Friday, June 08, 2007

Statewide honors for Napa's Maxwell Bridge

By KEVIN COURTNEY
Register Staff Writer

Napa’s replacement Maxwell Bridge was the toast of Sacramento Wednesday, winning statewide “Project of the Year” honors from the California Transportation Foundation.

The bridge was cited not for its soaring design, but for the way it was funded. Four agencies ponied up $40 million, making the bridge a “case study in state/local collaboration,” according to the foundation.

Without exceptional government cooperation, motorists would still be driving over the old two-lane Maxwell Bridge, a long-stand Imola Avenue bottleneck, said Mike O’Bryon, the city’s public works director.

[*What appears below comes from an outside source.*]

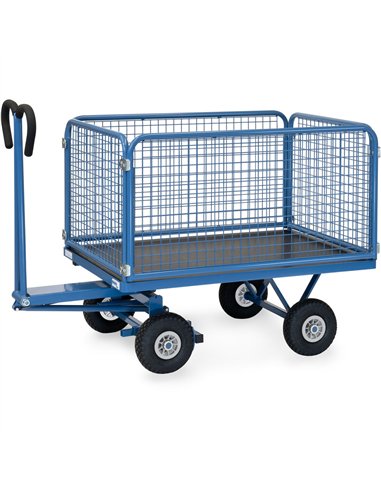 Ensemble mécano-soudé, revêtement époxy bleu RAL 5007. 4 inserts dans les angles, essieu sur rond à billes, timon en triangle av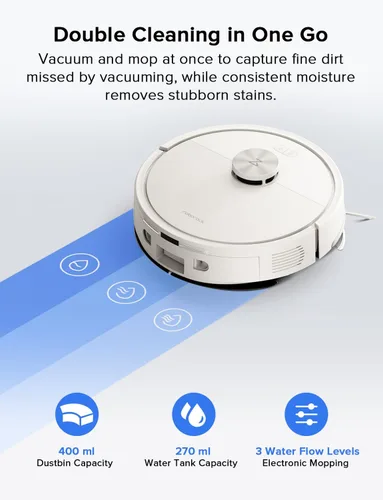 Miniatura 4 de roborock Q7 L5 Robot Aspiradora y Trapeador Combo, Succión de 8,000Pa, Actualizado desde Q5 Pro, Sistema Dual Antienredos, Navegación LiDAR, Zonas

The flood control district had originally planned to replace only the eastern approach, leaving the Maxwell Bridge, built in 1949, intact.

O’Bryon cobbled together a partnership for a new bridge that would meet the objectives of the flood district, boaters and today’s heavy street traffic in south Napa.

The funding package included $21 million from Caltrans, $9 million from the federal government, $7 million from the Napa flood district and $2.5 million from the city of Napa.

During the awards ceremony, the project contractor, C.C. Myers Inc. of Rancho Cordova, dedicated the honor to the memory of Chris Stevens, a Myers construction worker who was killed when a temporary bridge support collapsed in December 2003.

The owner, C.C. Myers, received a special award for the rapid reconstruction this spring of a section of MacArthur Maze in Oakland that was destroyed by a gasoline tanker fire.

Hundreds of projects statewide were in competition for “Project of the Year.” What set Maxwell Bridge apart was the shared funding between local, state and federal governments, Mayor Jill Techel said.

“They did what you hope government will do,” Techel said. “I think they’d like to use this as a model of intergovernmental cooperation.”

Construction took more than two years. The bridge was built in two stages so traffic flow would not be interrupted.

The bridge’s high arc preserved the ability of tall boats to sail up the Napa River. The span’s great width eliminated flood water backup. For the first time, bicyclists had dedicated lanes.

Few motorists will ever tout the creative financing used to build the new Maxwell Bridge, Techel said. For most people, it’s all about the expansive view and the removal of a bottleneck, she said.